Бенедикт долго еще бормотал что-то пошленькое, но обижаться на него было немыслимо, он куда острее меня ощущал реальность, в которой как рыба в воде выбирал самые удобные заводи.
— Хочу работать! — с упрямством твердолобого повторил я.
— Ну что ж, — весело закатил глаза Бенедикт, — если ты непременно хочешь работать мускулами рук, то я могу пристроить тебя к моему дяде. — Он неожиданно рассмеялся. — Великолепный экземпляр… Впрочем, как и мои родители…

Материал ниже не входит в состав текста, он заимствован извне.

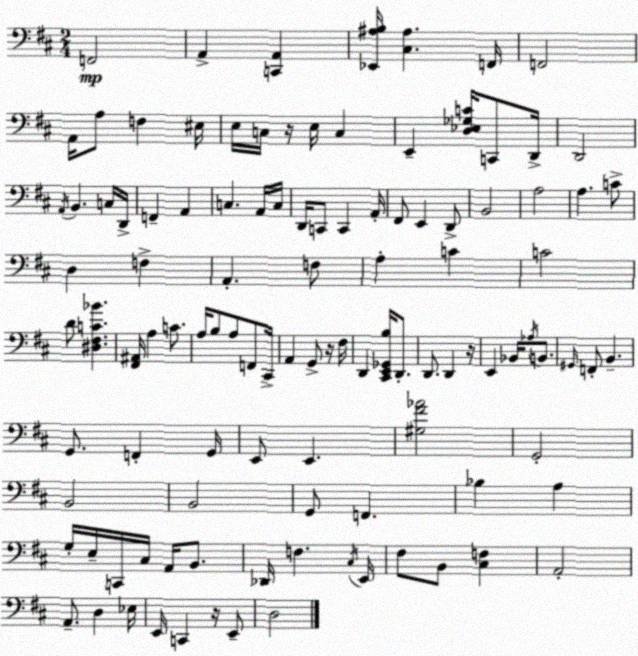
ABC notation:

X:1
T:Untitled
M:2/4
L:1/4
K:D
F,,2 A,, [C,,A,,] [_E,,^A,B,]/4 [^C,^A,] F,,/4 F,,2 A,,/4 A,/2 F, ^E,/4 E,/4 C,/4 z/4 E,/4 C, E,, [D,_E,_G,C]/4 C,,/2 D,,/4 D,,2 A,,/4 B,, C,/4 D,,/4 F,, A,, C, A,,/4 C,/4 D,,/4 C,,/2 C,, A,,/4 ^F,,/2 E,, D,,/2 B,,2 A,2 A, C/2 D, F, A,, F,/2 A, C C2 D/2 [^D,^F,C_B] [^F,,^A,,]/4 A, C/2 A,/4 B,/2 A,/2 F,,/2 ^C,,/4 A,, G,,/2 z/4 ^F,/4 D,, [^C,,E,,_G,,B,]/4 D,,/2 D,,/2 D,, z/4 E,, _B,,/4 _A,/4 B,,/2 ^G,,/4 F,,/2 B,, G,,/2 F,, G,,/4 E,,/2 E,, [^G,^F_A]2 G,,2 B,,2 B,,2 G,,/2 F,, _B, A, G,/4 E,/4 C,,/4 ^C,/4 A,,/4 B,,/2 _D,,/4 F, ^C,/4 E,,/4 ^F,/2 B,,/2 [^C,F,] A,,2 A,,/2 D, _E,/4 E,,/4 C,, z/4 E,,/2 D,2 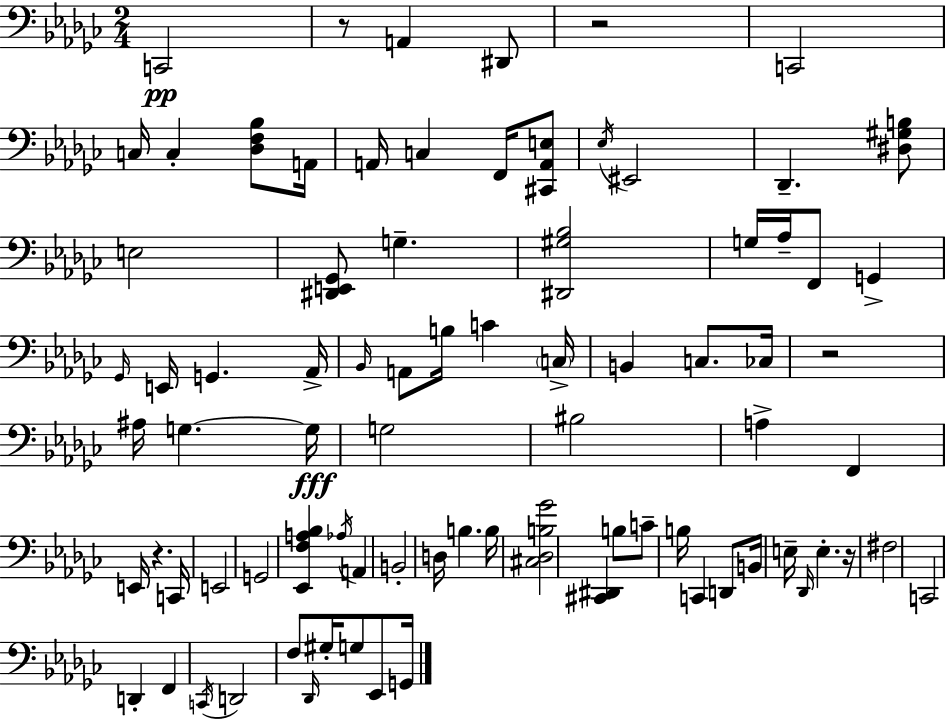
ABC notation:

X:1
T:Untitled
M:2/4
L:1/4
K:Ebm
C,,2 z/2 A,, ^D,,/2 z2 C,,2 C,/4 C, [_D,F,_B,]/2 A,,/4 A,,/4 C, F,,/4 [^C,,A,,E,]/2 _E,/4 ^E,,2 _D,, [^D,^G,B,]/2 E,2 [^D,,E,,_G,,]/2 G, [^D,,^G,_B,]2 G,/4 _A,/4 F,,/2 G,, _G,,/4 E,,/4 G,, _A,,/4 _B,,/4 A,,/2 B,/4 C C,/4 B,, C,/2 _C,/4 z2 ^A,/4 G, G,/4 G,2 ^B,2 A, F,, E,,/4 z C,,/4 E,,2 G,,2 [_E,,F,A,_B,] _A,/4 A,, B,,2 D,/4 B, B,/4 [^C,_D,B,_G]2 [^C,,^D,,] B,/2 C/2 B,/4 C,, D,,/2 B,,/4 E,/4 _D,,/4 E, z/4 ^F,2 C,,2 D,, F,, C,,/4 D,,2 F,/2 _D,,/4 ^G,/4 G,/2 _E,,/2 G,,/4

— Давай, старик, сосредоточимся на дяде. Он ведь жив и может помочь мне в делах!
Бенедикт оглядел меня с некоторым подозрением, как врач своего пациента, в котором углядел нездоровые симптомы.
— Зайдем-ка в аптеку!
В аптеке шагах в десяти от нас Бенедикт спросил Раю. Та вышла в наполовину расстегнутом белом халате и чепце. Он попросил у нее листок бумаги. Вышла Рая обратно, но уже в шубе и вязаной шапочке и протянула Бенедикту зеленый узкий листочек, больше похожий на игрушечный рушничок.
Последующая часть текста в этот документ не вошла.